Leaving the images out, output each entry below exactly.

========================================

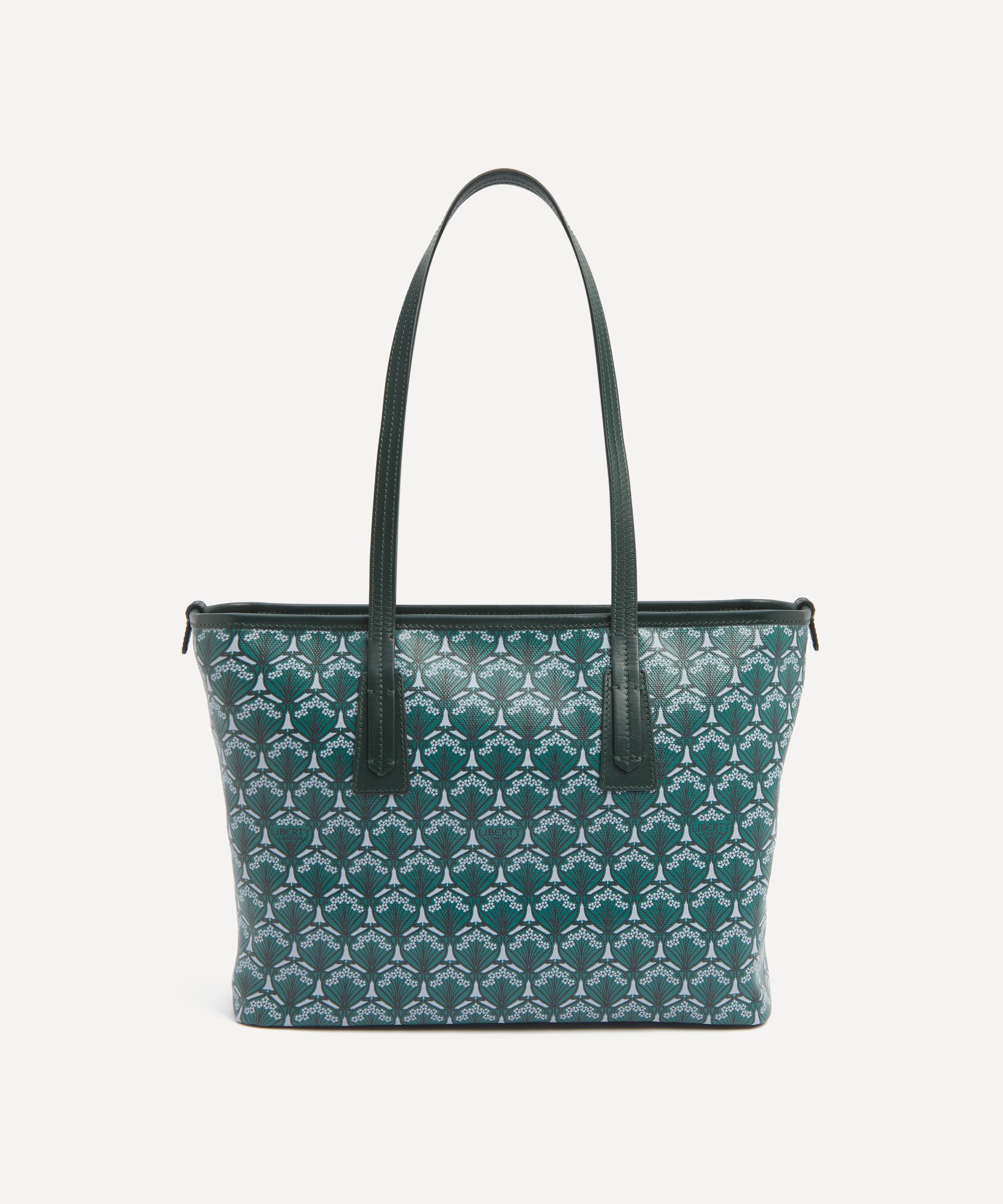 Liberty - Iphis Zipped Little Marlborough Tote Bag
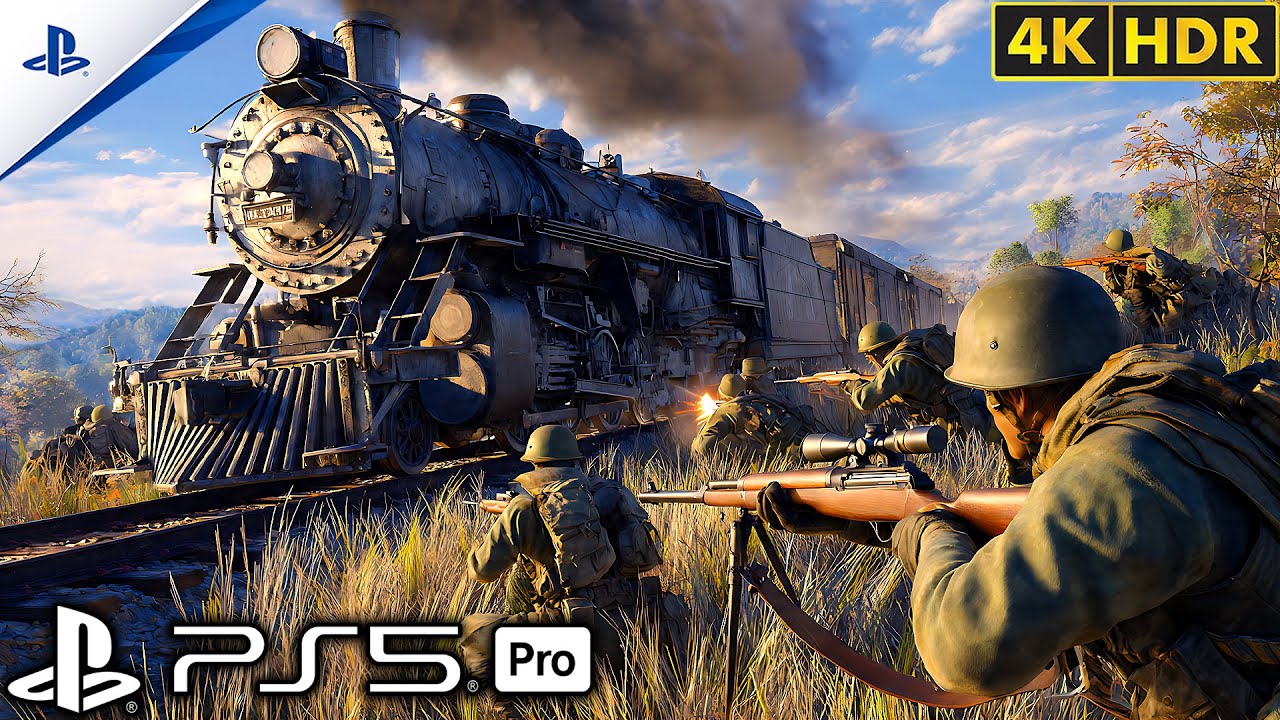 WWII Sabotage Tactics: How Allies Stopped Nazi V2 Trains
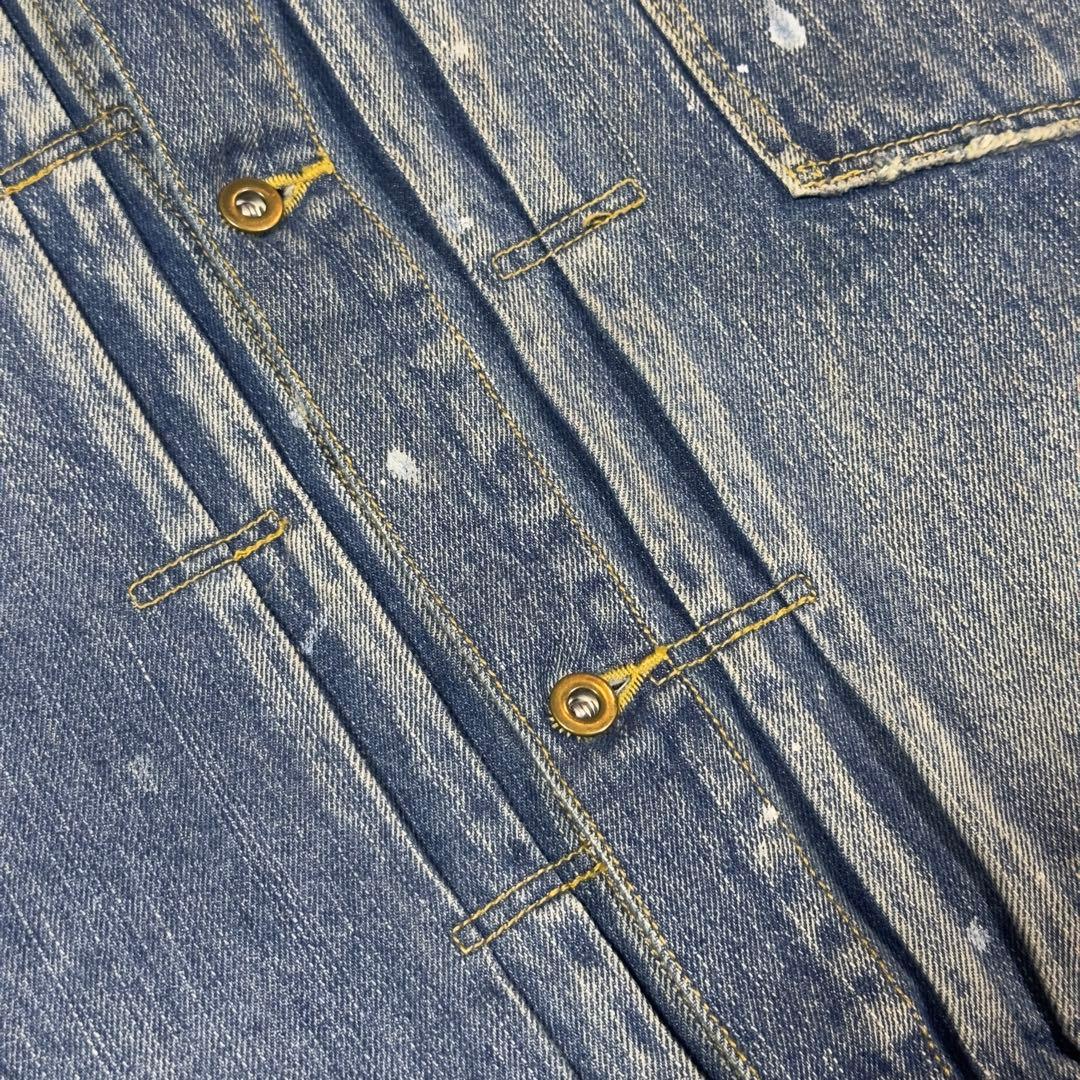 【リアル加工】フラグスタフ TRACKER JACKET STYLE 1ST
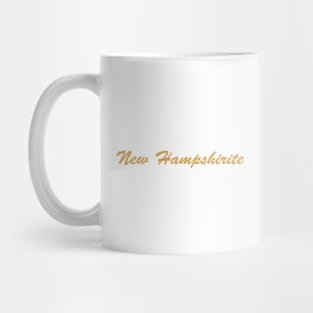 New Hampshirite Mug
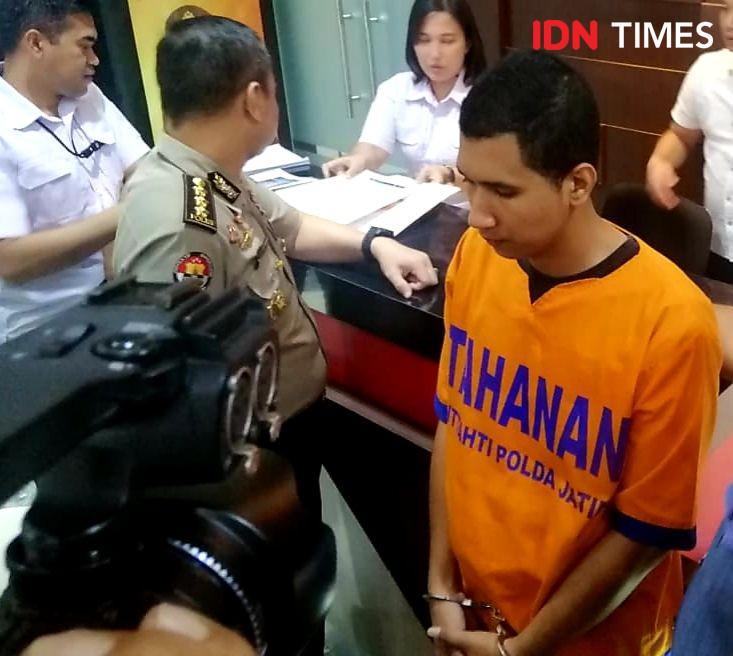 Nyaru Kaesang dan AHY, Penjual HP di Probolinggo Diringkus Polda Jatim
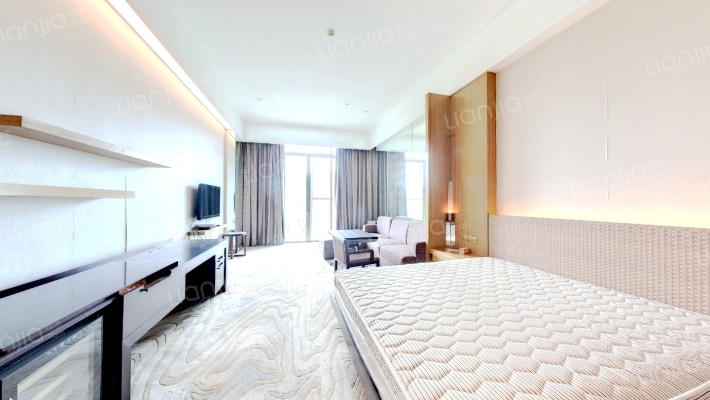 酒店公寓Ⅱ期二手房实景图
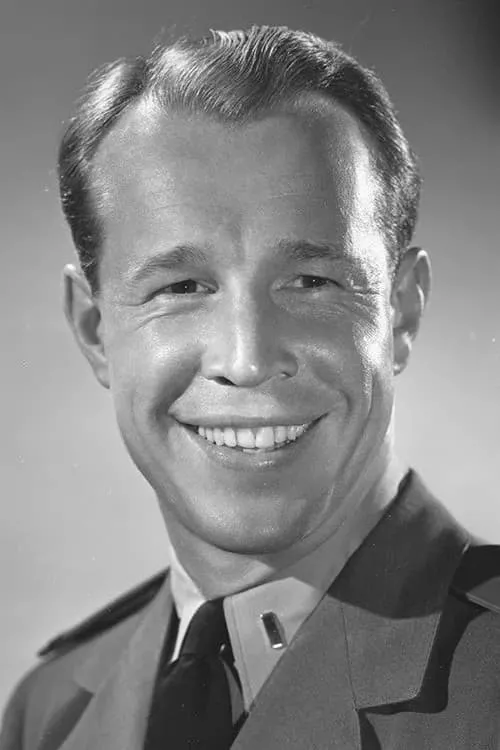 Actor Budd Boetticher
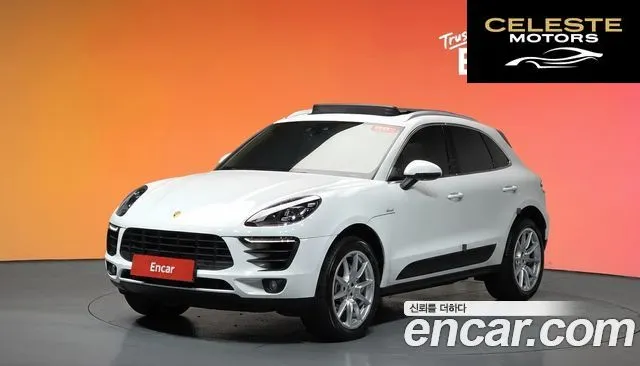 PORSCHE Macan 3.0 S 2017 — photo 20 sur 20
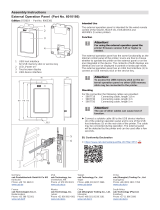 CAB SQUIX User manual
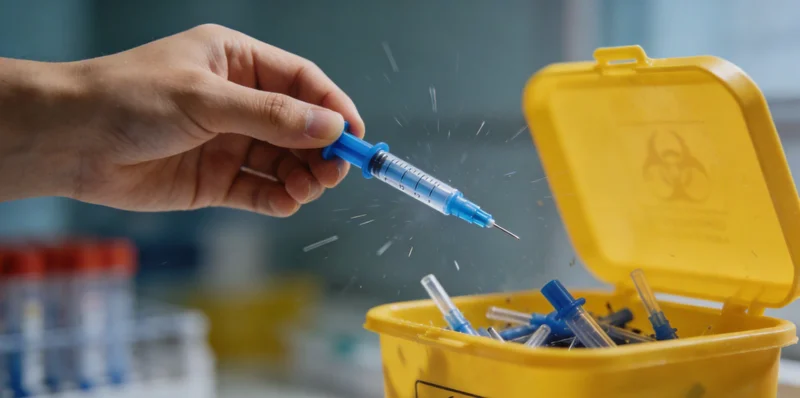 勤洗手、多通风等预防肺炎的示意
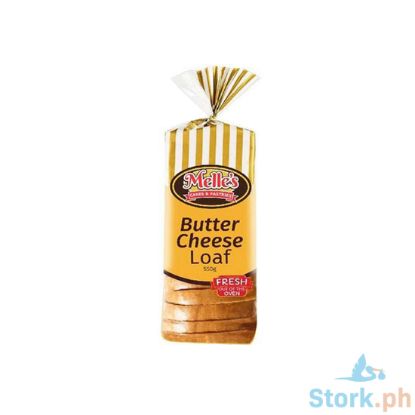 Picture of Yanyan Melles Butter Cheese Loaf 550G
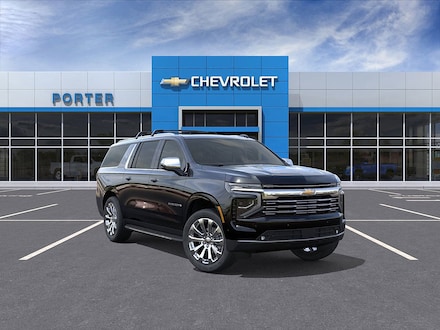 2026 Chevrolet Suburban Premier SUV
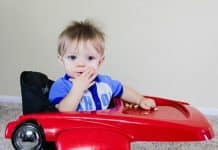 Combi All-in-one Mobile Entertainer: For The Baby On The Go.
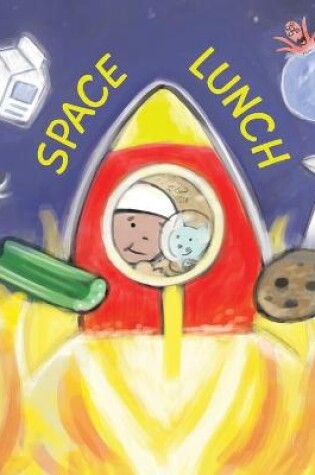 Cover of Space Lunch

========================================

> OUTPUT OF THE TASK:
 Liberty - Iphis Zipped Little Marlborough Tote Bag
 WWII Sabotage Tactics: How Allies Stopped Nazi V2 Trains
 【リアル加工】フラグスタフ TRACKER JACKET STYLE 1ST
 New Hampshirite Mug
 Nyaru Kaesang dan AHY, Penjual HP di Probolinggo Diringkus Polda Jatim
 酒店公寓Ⅱ期二手房实景图
 Actor Budd Boetticher
 PORSCHE Macan 3.0 S 2017 — photo 20 sur 20
 CAB SQUIX User manual
 勤洗手、多通风等预防肺炎的示意
 Picture of Yanyan Melles Butter Cheese Loaf 550G
 2026 Chevrolet Suburban Premier SUV
 Combi All-in-one Mobile Entertainer: For The Baby On The Go.
 Cover of Space Lunch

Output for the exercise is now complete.